Em 26 de dezembro do ano passado, veio a público o primeiro comunicado a informar que Tanure estava comprando grandes volumes de ações da HRT. Entre o Natal e o dia 24 de janeiro, o empresário investiu mais de R$ 60 milhões em papéis da companhia por meio da recém-criada JG Petrochem. O aporte se justificava pelo preço: nos últimos meses de 2013, as ações da HRT atingiram as menores cotações da sua história, abaixo de R$ 0,70. Isso significava um valor de mercado de pouco mais de R$ 200 milhões, versus um patrimônio líquido de R$ 2,4 bilhões. Tanure estaria, portanto, pagando muito pouco por uma companhia que, finalmente, estava se tornando operacional. Chegou-se a aventar que seu interesse fosse fechar o capital da empresa.

De ação em ação, o empresário adquiriu uma participação de 19,25%, à beira do limite de ser disparada a chamada poison pill. A cláusula estatutária obrigaria Tanure a realizar uma oferta de compra a todos os acionistas, caso ultrapassasse 20% do capital da companhia. A menos de um ponto percentual dessa fronteira, Tanure começou a acusar outro acionista — o fundo Discovery, do investidor Robert Citrone — de tê-la ultrapassado e ficado de boca fechada.

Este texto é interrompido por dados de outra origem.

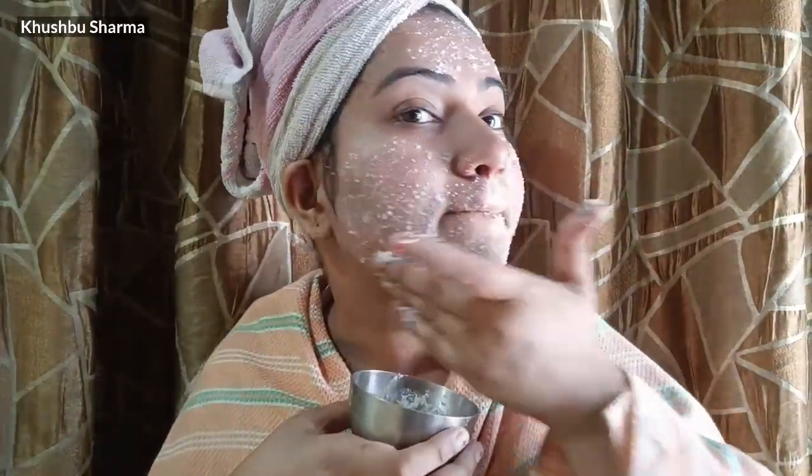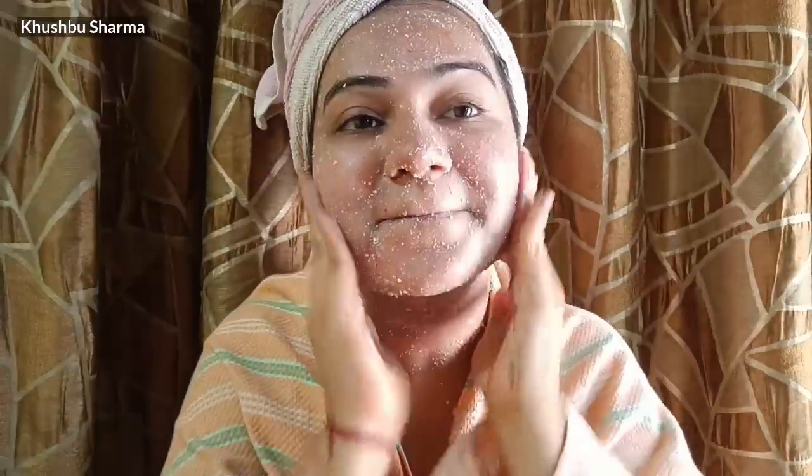Put it on the face, and don't forget your fingers. Massage for 1-2 minutes all over the face so that it doesn't stay in one place.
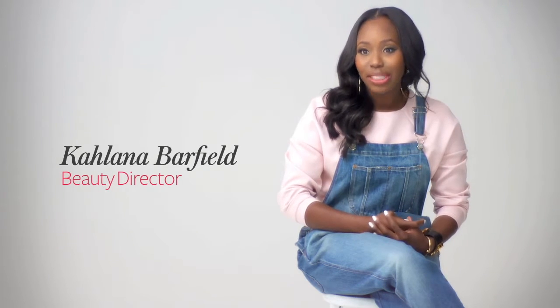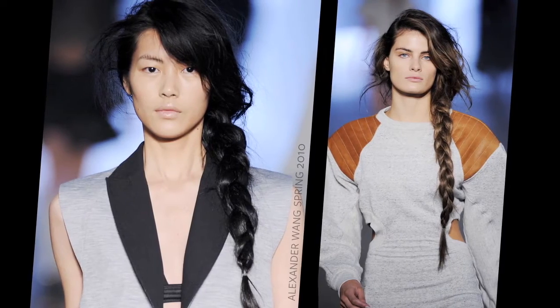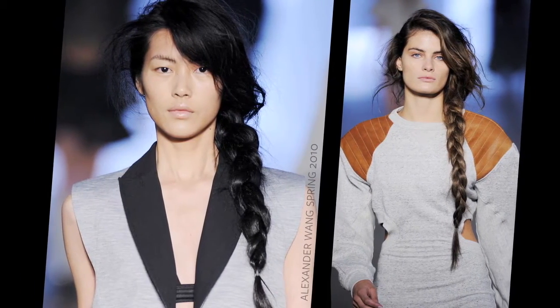Side braids have become an absolute staple every season. We saw them a few years back at the Alexander Wang show, and now they pop up every season.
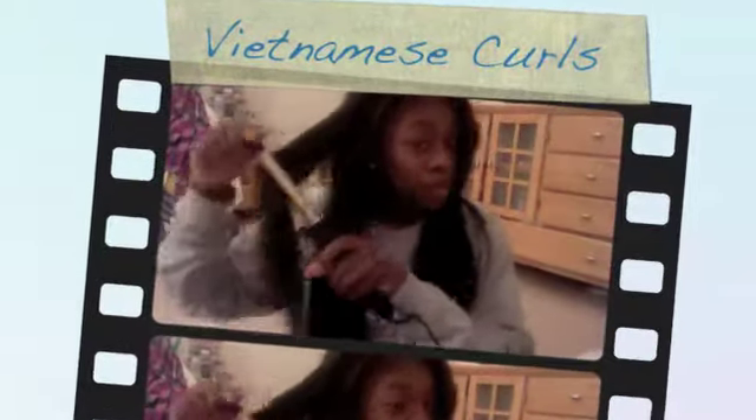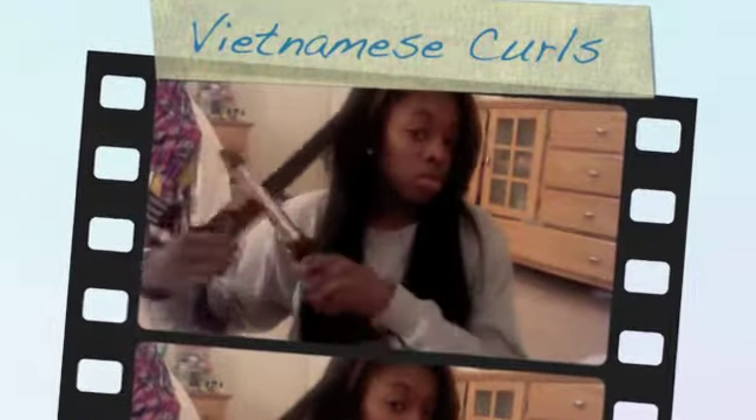Hey guys, this is Hillary. I'm doing the Vietnamese curls today, like promised. Basically, I'm using an Andes curling iron — it's one inch thick.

, Poder e cobiça, Capital AbertoQueda de braço
O fundo americano é investidor de longa data da HRT. Está às voltas com a companhia desde os tempos da abertura de capital, em 2010, quando a petroleira captou R$ 2,6 bilhões. Mas foi só no ano passado, depois de ver o caixa da empresa secar devido às promessas de produção frustradas, que o Discovery começou a dar mostras da sua veia ativista. Na assembleia de acionistas realizada em abril de 2013, fez um pedido de voto múltiplo, instrumento que atribui a cada ação um número de votos igual à quantidade de assentos a ser ocupada no conselho de administração. Com isso, conseguiu eleger três conselheiros independentes. Ao longo do ano, aumentou sua participação no capital da HRT comprando papéis que outros acionistas se cansaram de segurar e decidiram vender — entre eles, a gestora americana Southeastern Asset Management e o fundo MSD Capital, de Michael Dell. Em meados de dezembro, o Discovery tinha 17,71% das ações da HRT. Desde então, essa é a informação que o mercado possui.

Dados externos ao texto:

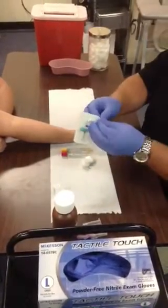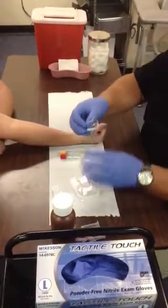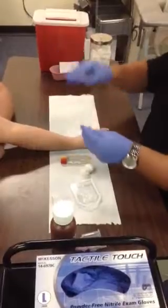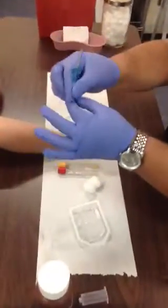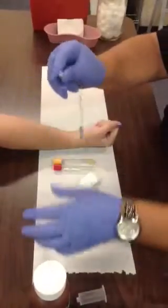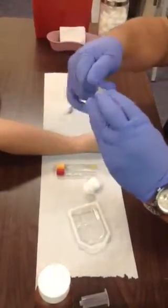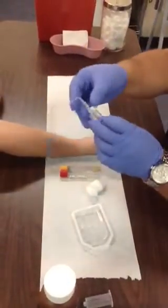We're going to prep this butterfly needle. Take the butterfly, take the little band off. With the butterfly, you always want to unkink your line — just kind of stretch it, don't tear it, but just stretch it. You're going to place the male adapter into the luer. Make sure it's nice and tight and everything's pressed in so that it doesn't leak.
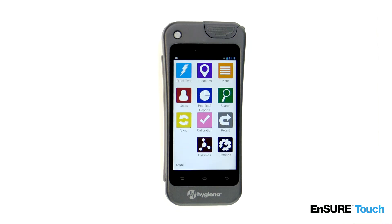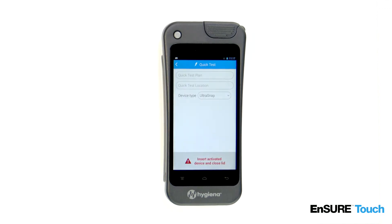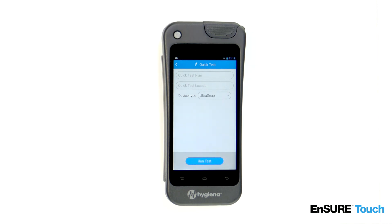Let's get started. To run a quick test, touch the quick test icon. Open the lid. Insert the test. Close the lid. Touch run test.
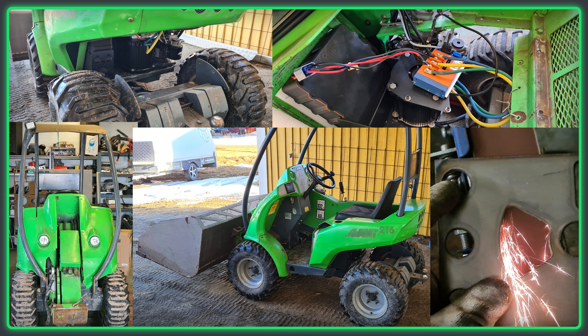Following on from this will be how this build was accomplished in his own words, as well as some more footage of this beast in action.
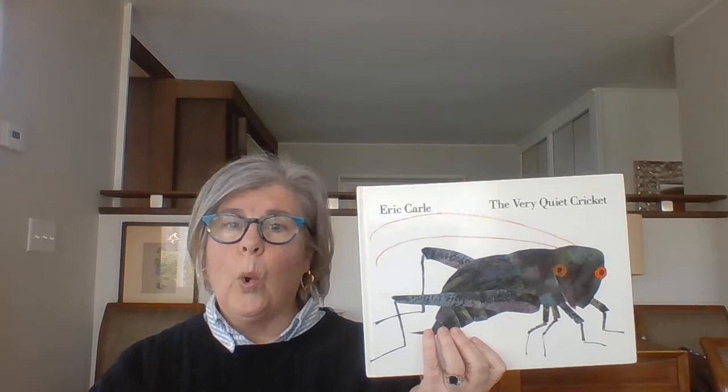Hi! Good morning! It's Mrs. Fry and I am here to do storytime. Today we're going to do some bug themed story and a little art lesson and some finger plays. So we will start with Eric Carle, The Very Quiet Cricket.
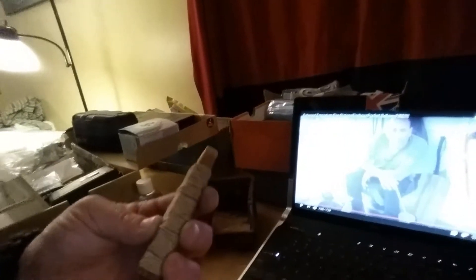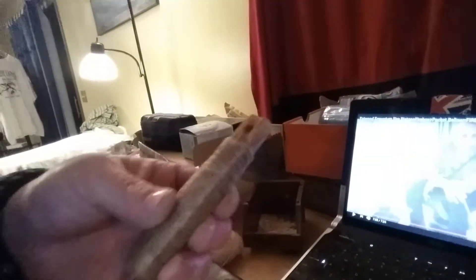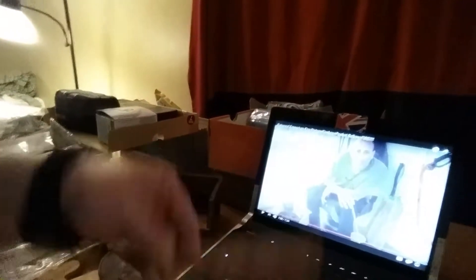I was putting jute twine around it, and if I could find my paracord in this mess, I'm going to put a lanyard on it and look up a video on how to do a nice little braid or something. I have never attempted that before. I'm going to do a long one and a few short ones.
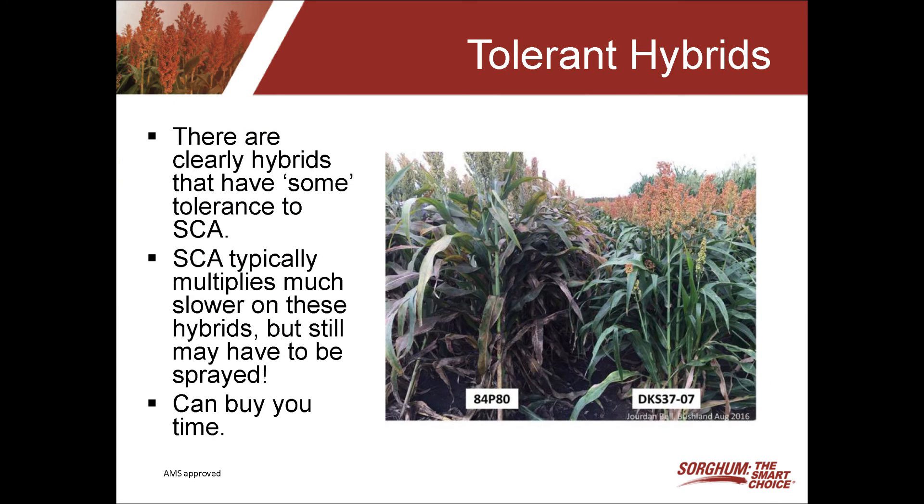There are clearly differences in hybrids when it comes to having some resistance to the sugarcane aphid. This particular slide or picture that I'm showing has two different hybrids — both very good hybrids — but one is susceptible to the sugarcane aphid, and the DK3707 actually has pretty good tolerance to the aphid. You can see the differences in the leaves and just the appearance of the crop.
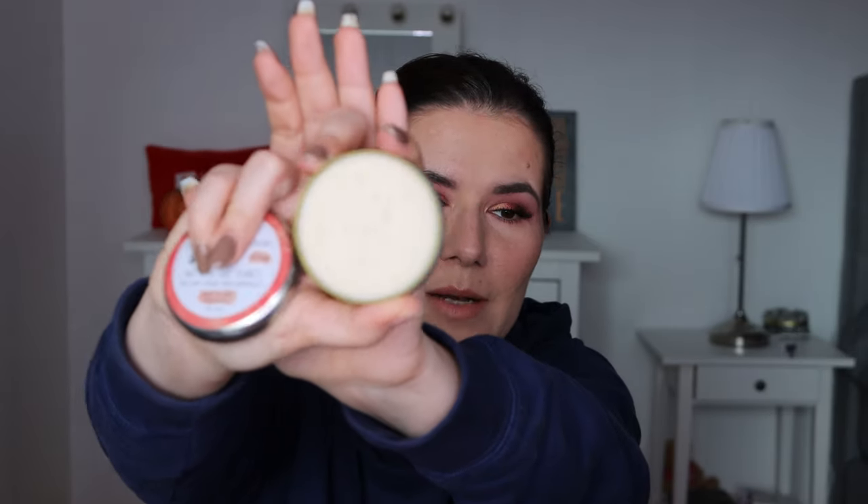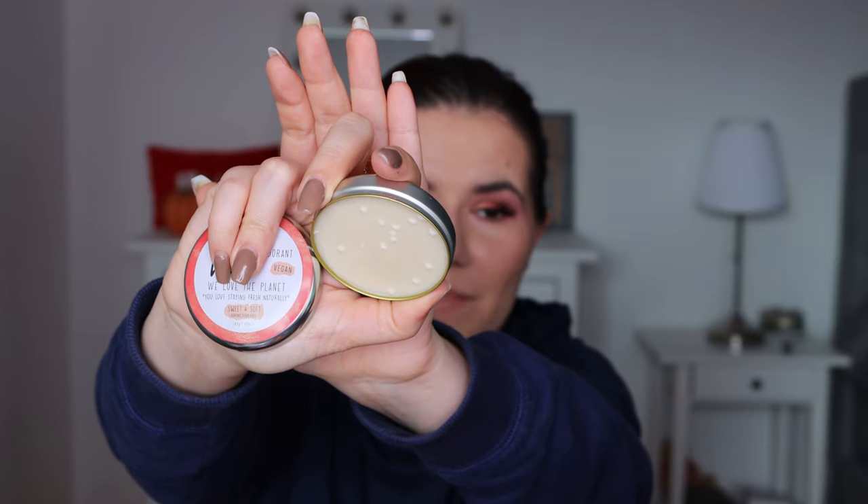Then we have the We Love deodorant — vegan, 'we love the planet, you love staying fresh,' naturally sweet and soft, baking soda free. Very interesting packaging — it looks like a lip balm! Oh my god, it smells so good! It looks very interesting and it smells really fresh, not too strong but citrusy sweet. I love it.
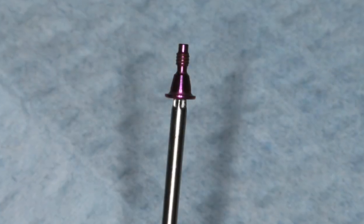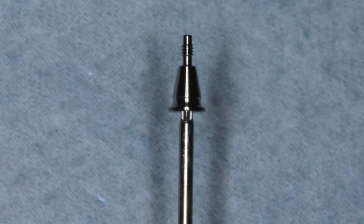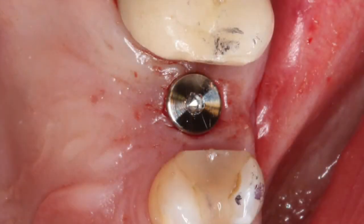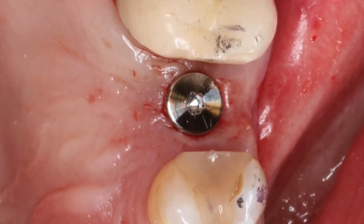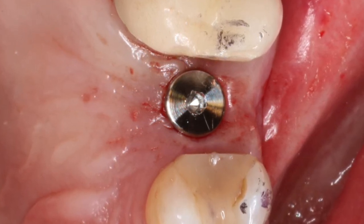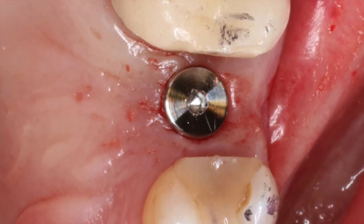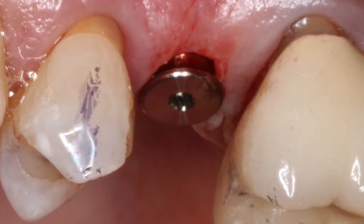Here we have a closure cap. Because we got to 45 newton centimeters of torque — a tremendous torque — we can use a taller healing abutment. The healing abutment is a wonderful instrument because it eliminates the second stage surgery. It will penetrate through the soft tissue, and the soft tissue will heal around it, eliminating the need to expose the implant that we would have to do if we had placed a cover screw and the epithelium was allowed to regenerate over the top of the implant. Taking our healing abutment, immediately post-op we have great attached gingiva and very little bleeding.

Para Tanure, no entanto, o Discovery estaria escondendo o jogo. No fim de janeiro, o empresário pediu a instauração de um processo na Câmara de Arbitragem da BM&FBovespa. Alegava que o fundo, àquela altura, possuía mais de 20% de participação na empresa sem ter comunicado isso ao mercado, nem realizado a oferta de compra aos demais acionistas prevista no estatuto. O empresário também teria acusado o Discovery de comprar papéis da companhia com base em informações privilegiadas repassadas por dois dos conselheiros que ajudara a eleger.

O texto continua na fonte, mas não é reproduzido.